When it comes to abuse there are no “Shades of Grey”

“Fifty Shades of Gray” is described as a harlequin romance fantasy. A book that satisfies women’s fantasies with no harmful effects because no one would really let their fantasies get the best of them. That right there is a fantasy. Yet, both the book and the movie are selling on the top of the charts. The fact of the matter is that violence and abuse is not something that should be taken so lightly, especially since sexual violence is becoming a bigger and bigger problem in our society.
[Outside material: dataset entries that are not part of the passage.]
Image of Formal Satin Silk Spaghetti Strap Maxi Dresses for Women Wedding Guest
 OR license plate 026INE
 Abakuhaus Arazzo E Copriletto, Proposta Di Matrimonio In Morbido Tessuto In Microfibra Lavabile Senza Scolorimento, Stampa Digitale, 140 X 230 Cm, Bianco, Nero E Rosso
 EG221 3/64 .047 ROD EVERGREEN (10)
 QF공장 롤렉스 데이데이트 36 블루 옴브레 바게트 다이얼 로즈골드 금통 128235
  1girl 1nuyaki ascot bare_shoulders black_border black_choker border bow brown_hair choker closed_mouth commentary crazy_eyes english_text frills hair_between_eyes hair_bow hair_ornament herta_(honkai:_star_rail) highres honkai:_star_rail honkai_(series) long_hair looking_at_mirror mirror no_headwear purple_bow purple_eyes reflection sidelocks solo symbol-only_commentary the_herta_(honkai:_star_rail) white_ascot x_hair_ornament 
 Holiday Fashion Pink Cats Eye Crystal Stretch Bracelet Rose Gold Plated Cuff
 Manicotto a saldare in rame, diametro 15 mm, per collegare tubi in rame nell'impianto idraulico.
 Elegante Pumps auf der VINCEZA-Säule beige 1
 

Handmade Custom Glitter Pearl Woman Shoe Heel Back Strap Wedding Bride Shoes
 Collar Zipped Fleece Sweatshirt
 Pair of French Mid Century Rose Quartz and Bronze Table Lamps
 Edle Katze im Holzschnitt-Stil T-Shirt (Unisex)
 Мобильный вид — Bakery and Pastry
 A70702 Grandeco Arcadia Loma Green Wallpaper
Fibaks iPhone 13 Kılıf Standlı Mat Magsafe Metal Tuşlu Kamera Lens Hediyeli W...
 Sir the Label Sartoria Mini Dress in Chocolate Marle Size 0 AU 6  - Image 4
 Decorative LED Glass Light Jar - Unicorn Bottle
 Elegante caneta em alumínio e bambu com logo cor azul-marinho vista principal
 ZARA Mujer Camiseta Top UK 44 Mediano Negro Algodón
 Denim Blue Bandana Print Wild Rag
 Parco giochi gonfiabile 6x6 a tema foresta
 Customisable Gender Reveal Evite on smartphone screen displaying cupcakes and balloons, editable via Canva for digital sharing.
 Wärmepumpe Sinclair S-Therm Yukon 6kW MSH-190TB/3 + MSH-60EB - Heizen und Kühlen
The series takes a man who is sexually abusive and a women who is too afraid to say no because she might lose him and then gives them what Hawkins calls an “unrealistic fairy-tale ending.” The effect is damaging. Dawn Hawkins, the executive director of the National Center on Sexual Exploitation, states that “Fifty Shades of Grey” “sends a message to men that unrestrained domination is what women want, and tells women they can, and should, fix violent and controlling men by being obedient and devoted.”

Already we are seeing the lines of reality and fiction become gray in the case of the university college student who decided it would be okay to reenact scenes from “Fifty Shades of Gray.” What is even worse is that the girl agreed to go along with it at first. Somehow she thought that being bonded, gagged, beaten and then having sex was a good idea…? The whole thing seems fantastic but, unlike the book, this is real.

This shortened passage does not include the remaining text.